131.8lbs - which means I've gained about 3 and a half pounds over the holidays. I'm not too worried - I have eaten a lot and done very little exercise over the holidays, so I think once I get back to 'normal life' I will lose it quickly.
2010 has been a good year in many ways, and No S has made a big contribution to that. I've being following No S since April and I am about one stone lighter than January last year. The weight loss has been slow and has happened in fits and starts, but it has happened. And one stone lighter feels fantastic. As I have said several times on this thread - when I follow No S properly I feel fantastic - light and energetic.
In 2010 I learnt that I need/enjoy/relish challenge (I'm 46 and I have only just realised this :roll: ). No S fulfills this need as it requires me to plan, reflect, evaluate and make changes. Yoga also fulfils this need - as my teacher says 'there is always another level in yoga'. My job is a huge challenge - but it feels like I am doing the job I was born to do. I have never been happier at work.
Work/life balance is the biggest challenge and this has led me to my choice of one word resolution, which is 'Attention'. Work is fast-paced, busy, and never-ending. This can lead to slapdash habits, and means it can take over my life. Attention is to remind me to give attention to all areas of my life. At work this means preparation and thoroughness, prioritising, balancing. At home this means giving attention to my family - making sure I communicate with them, know where they are and what they are doing. It means giving attention to my house (routines), and to me. To my eating habits, health, making time to do the things I love doing and not getting bogged down in work commitments.
While I am very happy about many things, I have a nagging feeling of foreboding about 2011 in one area.

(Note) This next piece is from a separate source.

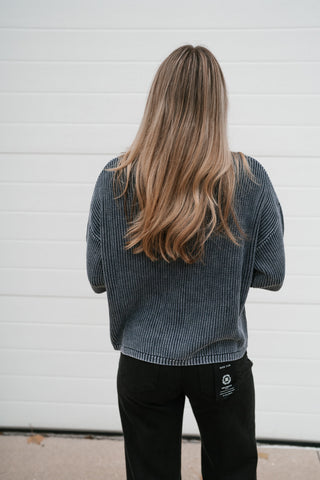 Back view of the navy short sleeve ribbed knit cardigan with drop shoulders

My girls are growing up and growing away and this may well be a year of 'lasts'. The last time the big one comes on holiday with us, spends new years eve with us, etc. For me, this is hard - for them, it is exciting and invigorating. However, they are still young and so still need boundaries and guidance. The challenge is to put these in place while maintaining strong relationships. 'Hold, don't grasp' is something I need to remember. I also need to remember to look into myself and ask why I'm not happy about something they want to do. Is it just because it's different, it takes them further away, and I'm no longer in control - or is it because I really think it's unsuitable or unsafe? I need to give attetion to how I feel about this whole process - the hardest phase of my life, I think.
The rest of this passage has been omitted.